Então, quem irá proteger as crianças? Em jogo neste caso estava um dos valores centrais dos Estados Unidos: os direitos humanos. É claramente do interesse do país mostrar ao resto do mundo que suas empresas seguem seus valores, especialmente em um momento em que a brutalidade policial contra afro-americanos está no centro das atenções da mídia internacional.

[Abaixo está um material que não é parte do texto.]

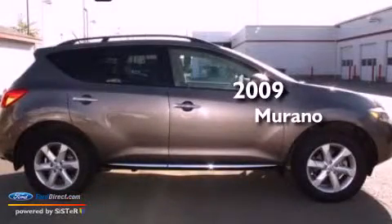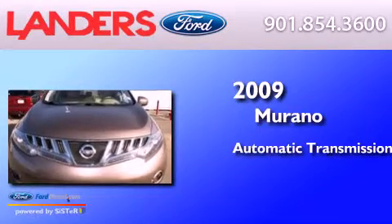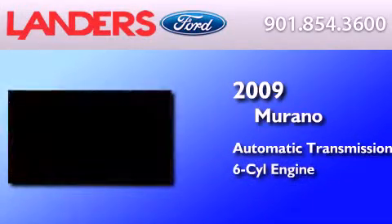This is a 2009 Nissan Murano. This crossover has an automatic transmission and a 3.5 liter V6.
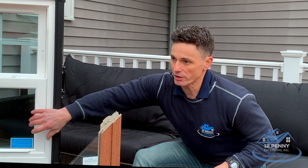Number two: sound deadening. About 56% quieter with a triple pane window. This window is going to be a lot quieter in your home than a double pane, letting in less road noise, airplanes, or whatever.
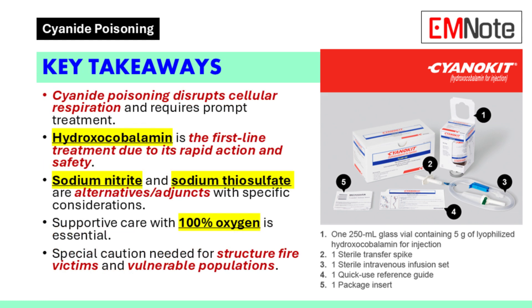In conclusion, healthcare providers must remain vigilant in recognizing the signs and symptoms of cyanide poisoning. Empirical treatment should be initiated promptly in suspected cases. Hydroxocobalamin is the preferred treatment due to its rapid action and safety profile. Sodium nitrite and sodium thiosulfate serve as alternatives or adjuncts depending on the clinical scenario. Supportive care, including the administration of 100% oxygen, remains a cornerstone of management. Awareness of special populations and potential co-poisonings ensures optimal patient outcomes.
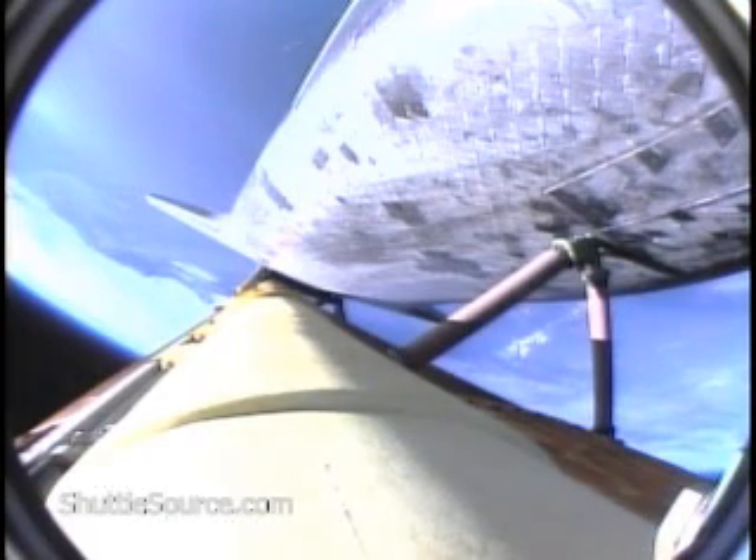SRB separation is confirmed, two minutes, 15 seconds into the flight. Atlantis is traveling 3,000 miles per hour downrange from the Kennedy Space Center, 46 miles, altitude 35 miles.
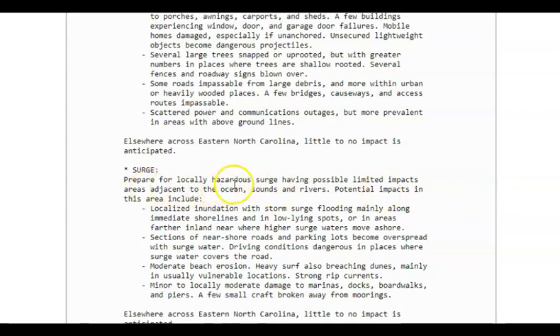For locally hazardous surge: limited impacts adjacent to the ocean, sounds, and rivers — yes, that includes my area. Localized inundation and storm surge flooding mainly along immediate shorelines and in low-lying spots, or areas inland near where higher surge waters move ashore. Sections of near-shore roads and parking lots could become overspread with surge water — not saying it will happen, but it could. Driving conditions dangerous in places where surge water covers the road. Moderate beach erosion, heavy surf, and possible dune breaching, plus minor to locally moderate damage to marinas, docks, boardwalks, and piers. A few small crafts can break away from moorings.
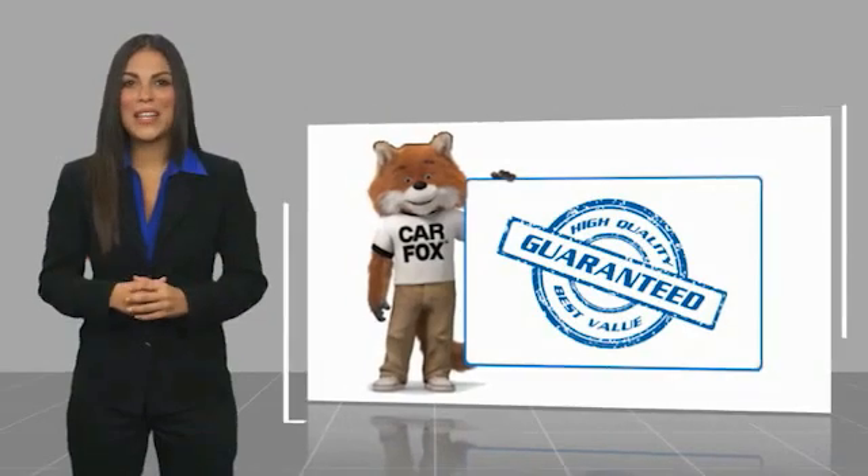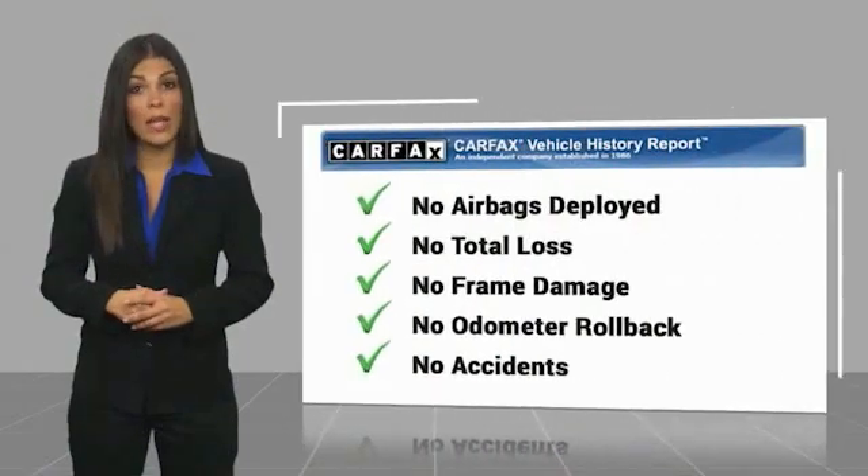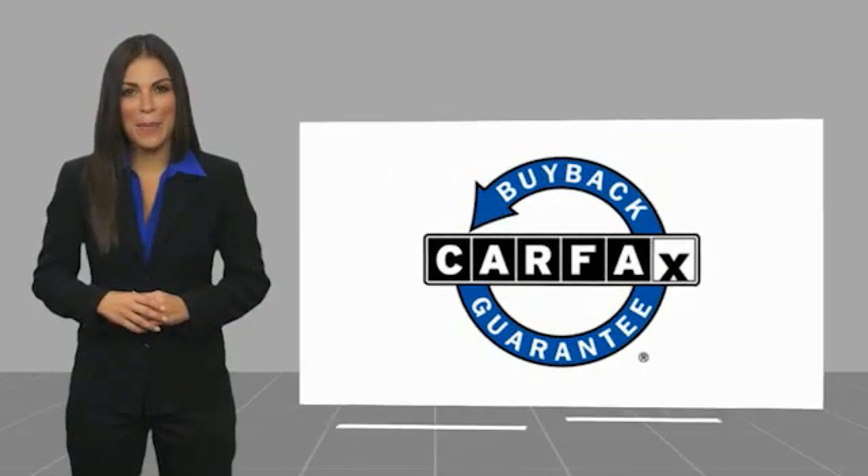Here's another high-quality vehicle with a Carfax vehicle history report. Be sure to find a complimentary copy of this report online or contact the dealership. This vehicle qualifies for the Carfax Buyback Guarantee.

Juntamente com a Oxfam, submetemos um memorial amicus curiae  ao Supremo Tribunal, argumentando que é do interesse económico dos EUA responsabilizar empresas americanas por conduta ilícita onde quer que seja cometida. Acreditamos que a responsabilidade social corporativa compensa no longo prazo – para consumidores e empresas - em países que insistem em adoptar tal conduta.

Afinal, países e empresas com boa reputação podem atrair mais capital e melhores trabalhadores do  que concorrentes menos éticos, e seus produtos atrairão uma geração de consumidores cada vez mais conscienciosa. Os trabalhadores mais jovens são especialmente sensíveis ao que seus empregadores fazem e defendem. É por isso que muitas empresas se posicionaram contra as leis de supressão de eleitores e adoptaram metas para reduzir as emissões de gases de efeito estufa.

Mas muitas empresas ainda são movidas por lucros de curto prazo. Enquanto os advogados da Nestlé e da Cargill trabalhavam diligentemente para livrá-los da responsabilidade, as duas empresas emitiram declarações padronizadas condenando a escravidão infantil. Mas se é assim que eles estão, por que não queriam apresentar seu caso na audiência pública? Certamente, seus bem pagos advogados seriam mais do que mais do que uma corrida dura para os representantes dos cidadãos de Mali. Se as empresas perdessem, não seria por falta de aconselhamento adequado.

Como podemos garantir que as empresas não façam no exterior o que nunca fariam em casa? A globalização impôs essa questão à agenda, à medida que as empresas ocidentais expandiram sua dependência nos países pobres com limitadas estruturas jurídicas. A extraterritorialidade não é o problema. O que mais importa é acabarmos com a desregulamentação. Os Estados Unidos deveriam garantir ao mundo que o país e suas empresas representam a decência, sem nenhum duplo critério.

Enquanto isso, Cargill, Nestlé e outras empresas que supostamente foram responsáveis por abusos contra os direitos humanos e ambientais no exterior precisam ser julgadas no tribunal da opinião pública. Seu incansável esforço para fugir da responsabilidade por suas acções repercute enormemente.

JOSEPH E. STIGLITZ

Joseph E. Stiglitz, ganhador do Prémio Nobel de Economia e Professor da Universidade de Columbia, é ex-economista-chefe do Banco Mundial (1997-2000) e presidente do Conselho de Consultores Económicos do Presidente dos EUA, foi o autor principal do IPCC Climate 1995 E co-presidiu a Comissão Internacional de Alto Nível sobre Preços de Carbono.

GEOFFREY HEAL

Geoffrey Heal é professor de empreendimento social na Columbia Business School.